Alors même que le silence vint prendre place quelques secondes, celui-ci fut rapidement éclipsé par les chuchotements des convives. Inaudible dans ce chaos naissant, animé de rumeurs et de murmures contradictoires, une oreille fine et attentive aurait pu entendre la crainte de certains et l’espoir des autres d'enfin retrouver ce bout de terre longtemps échappé. Ce chaos trouva finalement son équilibre, un élément le stabilisant, le figeant unanimement avec le nom de Beldar. Un nom provoquant la crainte chez les uns, et la confiance chez les autres. Un nom associé à de multiples louanges, la bravoure, l’humanité, le courage, mais aucune de celles-ci n’égalaient son renom au combat et sa férocité. Beldar était connu des nobles des deux cours, invité d’honneur chez les uns, il était chez les autres un nom répandu et respecté. Alors même que cette figure célèbre venait représenter avec honneur les terres brûlées, personne ne semblait connaître le champion des terres sauvages. Peut-être que nul ne voulait se présenter face au puissant chevalier blanc ? Ou peut-être que les relations conflictuelles du roi Svalnar avec ses sujets ne lui avait laissé d’autres choix que le nom effacé d’un inconnu, d’un guerrier de bas étage ou d’un vagabond, qui ne tiendrait qu’une fraction de seconde face à la lance du champion.

Le juge ne sembla pas prêter attention à ces discussions futiles, le regard ancré sur le lieu où le combat aurait lieu, droit devant lui. Il ne releva que légèrement la tête afin d’assister à l’arrivée du champion des terres brûlées. Les nobles s’écartèrent, créant une brèche où le chevalier s’enfonça d’un pas vif, le torse droit, la tête haute et les yeux fixés sur le trophée au-dessus du siège de son roi. La gueule d’une louve blanche géante y était empaillée soigneusement, délicatement accrochée sur un présentoir en bois taillée. Prônant ici telle la gloire du roi Vilmar le Protecteur, le Bienfaiteur, le Sauveur. La légende de la louve Herisia était connue de tous, mais le regard sombre et la mâchoire serrée du chevalier ne faisait aucun doute sur son désaccord avec l’un des symboles de son peuple. Le mythe racontait que la bête au pelage blanc comme la neige était la matriarche des trois Voraces, des louveteaux qui deviendraient aussi grands que les hommes et aussi forts que les dieux. Si les Voraces atteignaient l’âge adulte, ils signeraient la fin du Plateau des Rois, où ils sèmeraient la destruction et le chaos partout où ils passeraient. La fin du conte héroïque est nuancée d’une amertume que tout le monde semble avoir oubliait cependant. Accompagné de 500 hommes, le roi Vilmar terrassa la louve géante il y a près de 20 révolutions, obtenant ses nombreux titres… Mais personne ne retrouva jamais les louveteaux alors qu’on peut entendre, encore aujourd’hui, le hurlement du loup rugir dans la région…

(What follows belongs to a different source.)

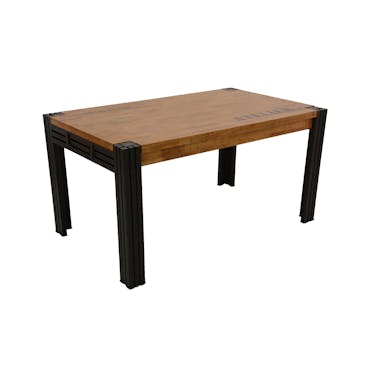  Table de repas rectangle extensible hévéa recyclé naturel et métal noirci 150/230X90X76cm DOCKER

La tête encore découverte, son casque d’acier blanc à la main, on pouvait voir la chevelure de Beldar tirant sur un blond vieillissant, parsemés de cheveux blancs et grisonnants. Le bas de son visage présentait une barbe rasée de prés, laissant apparaître une mâchoire puissante et dominante. Quelques vieilles cicatrices parsemaient son visage meurtri par les années et les combats, sujettes de quelques basses remarques. Si tentait que certains membres eurent loupé l’entrée, le vacarme provoqué par son armure d’or blanc s'entrechoquant, termina d’attirer l’attention. Dans sa main droite, il tenait Espoir, son arme, sa lance, son compagnon, sa tendre, qui l’accompagnait depuis tant de révolution. Une arme bien singulière et différente de celles qu’on pouvait trouver. On la disait forgée par Eramis le Frappeur, dans les temps immémoriaux, à même les glaces éternelles de Prima et oublié durant des millénaires. Happant l’attention par ce bruit métallique et strident contre le marbre, on ne pouvait rater cette première particularité. La hampe n’était pas de bois, mais du même métal qui constituait l’œuvre, le chevalier semblant pourtant la porter sans mal. Le fer de lance n’était pas en reste, sa flamme blanche était décorée, comme certaines fleurs, de petites lames reliées à la tige centrale tels des pétales. Finalement, en dessous des ailettes, le métal était gravé à la perfection d’une gueule de loup.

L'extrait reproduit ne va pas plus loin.